Task item
Only some lines are wanted: please transcribe exactly those from the one containing "Pantalón cargo ecorresponsable" through the end of the data, pictures excluded.

Source data

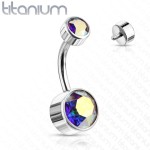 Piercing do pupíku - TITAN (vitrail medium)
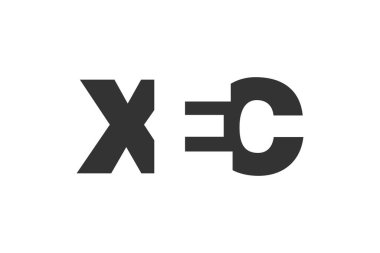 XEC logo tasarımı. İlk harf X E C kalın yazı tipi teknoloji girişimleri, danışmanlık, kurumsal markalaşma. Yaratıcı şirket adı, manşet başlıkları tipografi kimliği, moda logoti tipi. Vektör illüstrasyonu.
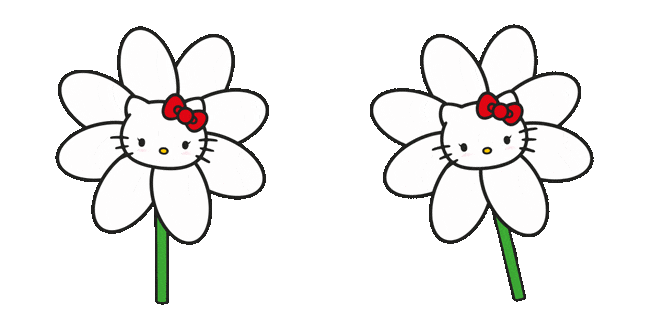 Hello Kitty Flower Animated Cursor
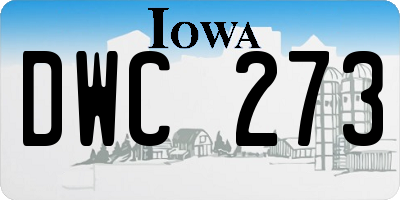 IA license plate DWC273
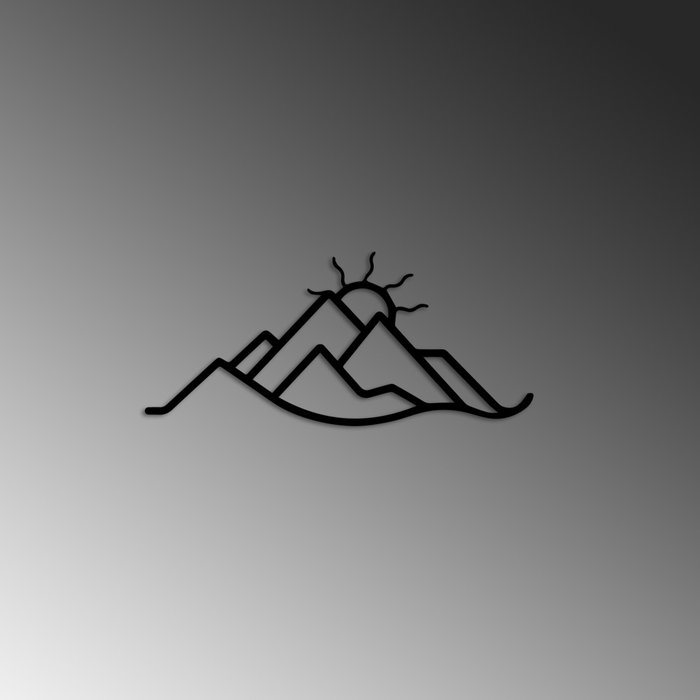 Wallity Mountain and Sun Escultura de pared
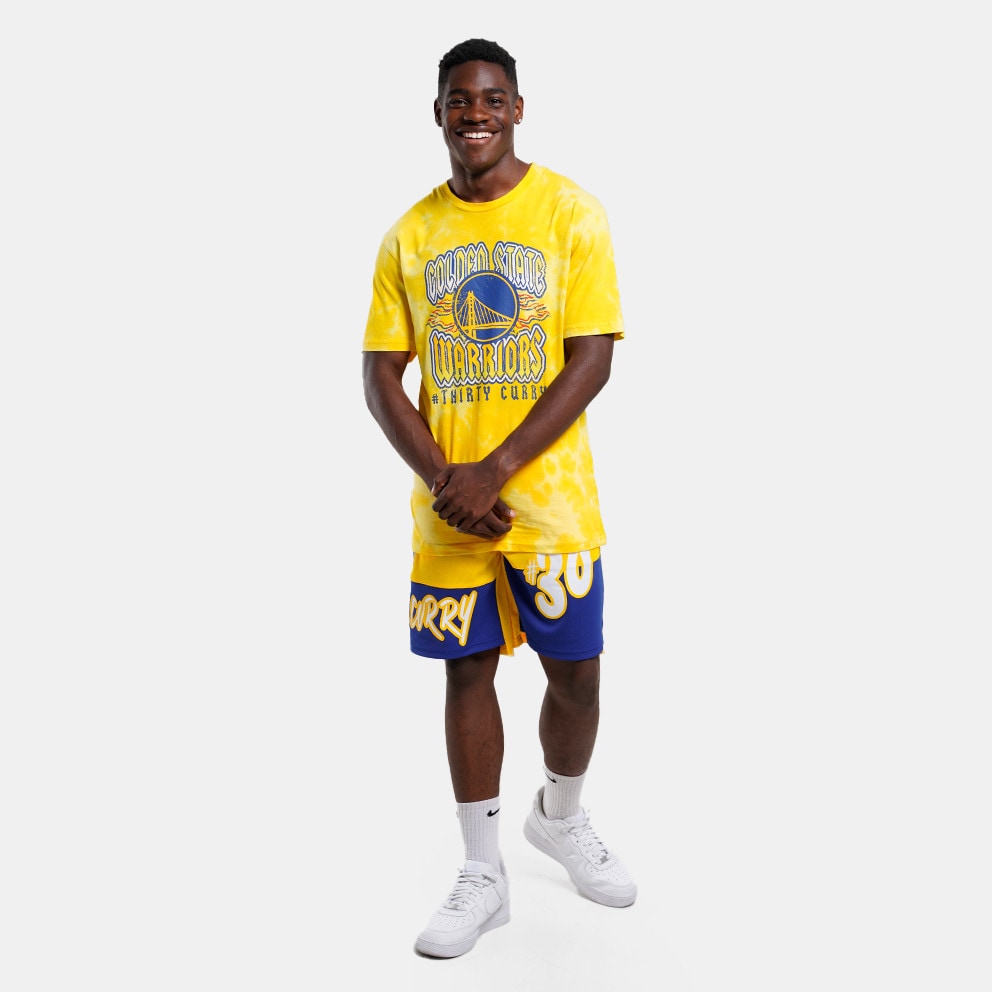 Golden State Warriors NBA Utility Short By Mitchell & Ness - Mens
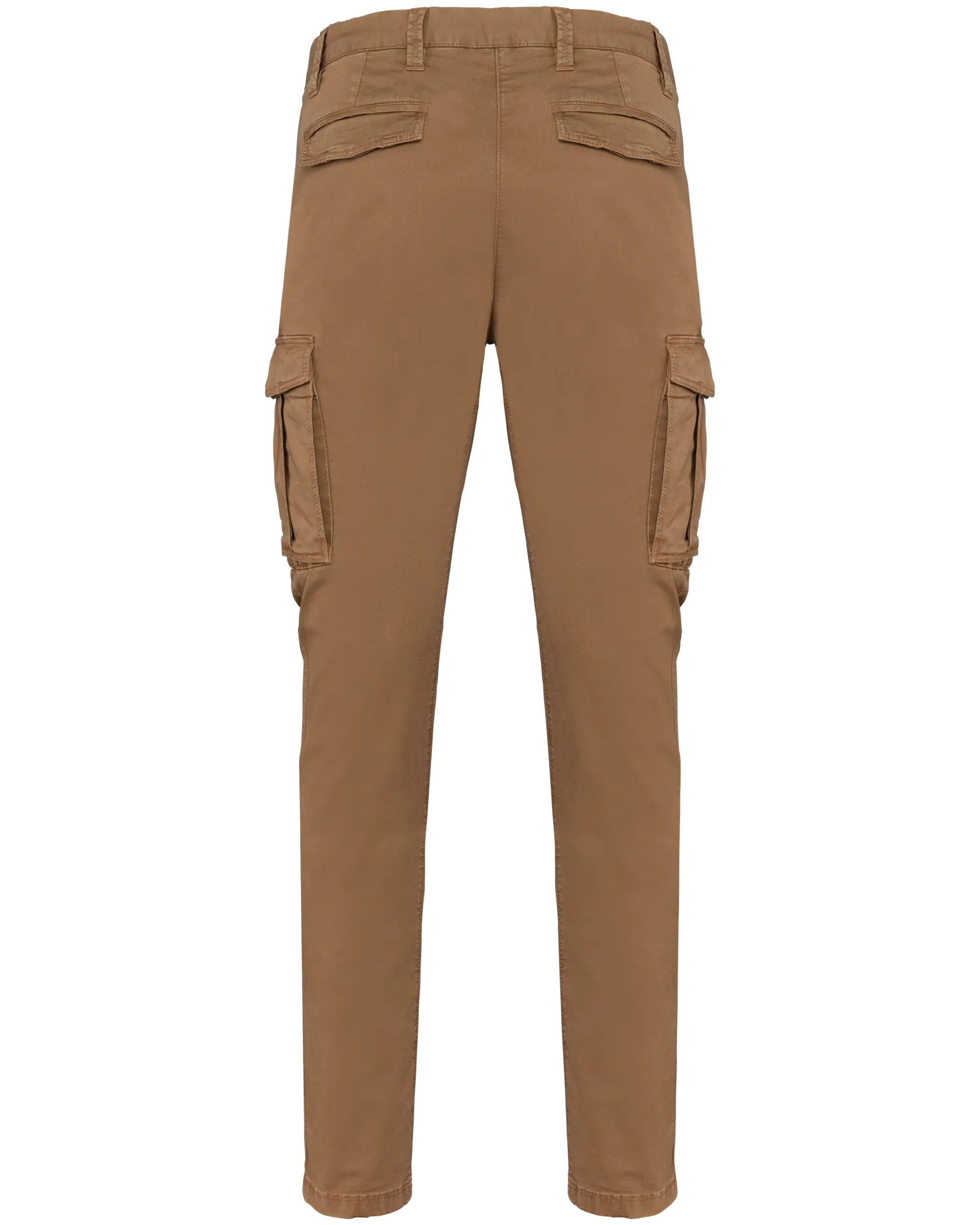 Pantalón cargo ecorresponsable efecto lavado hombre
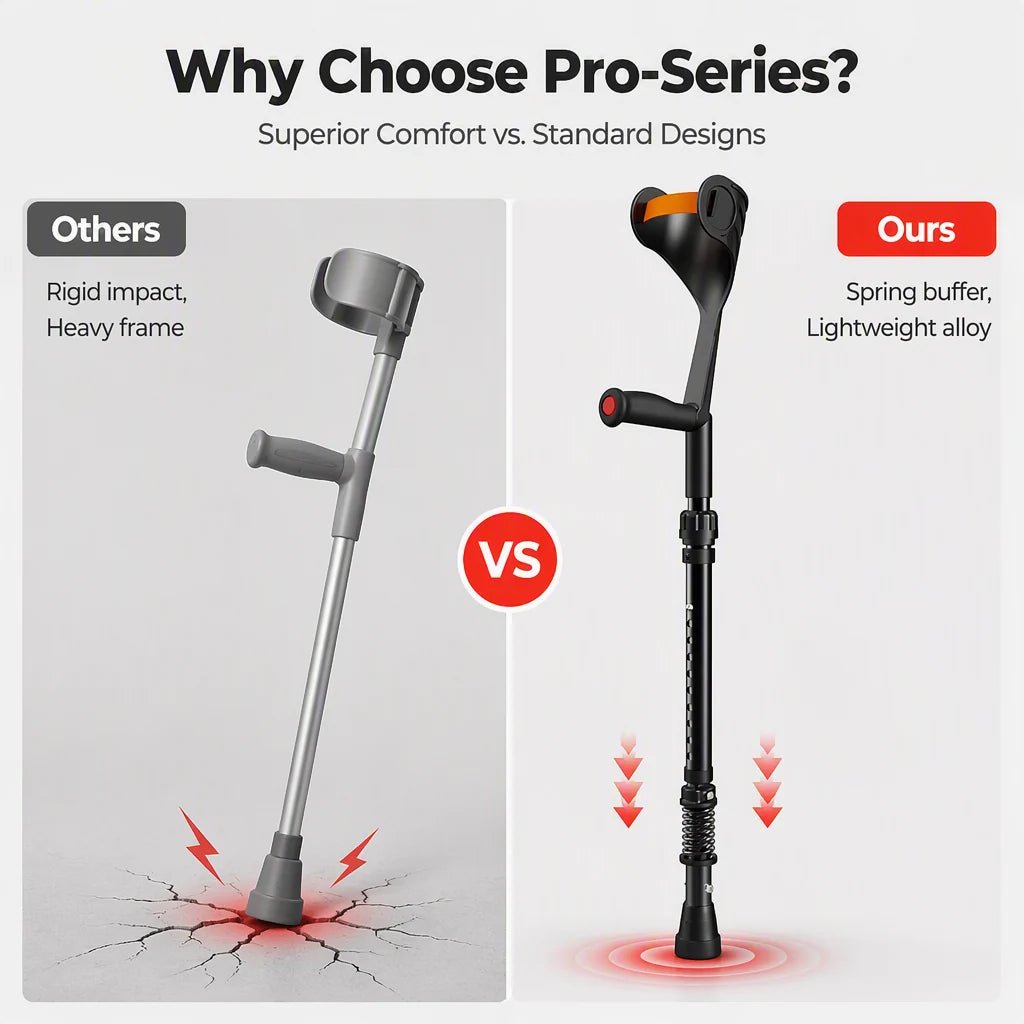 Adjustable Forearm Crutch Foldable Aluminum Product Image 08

Exercise result
 Pantalón cargo ecorresponsable efecto lavado hombre
 Adjustable Forearm Crutch Foldable Aluminum Product Image 08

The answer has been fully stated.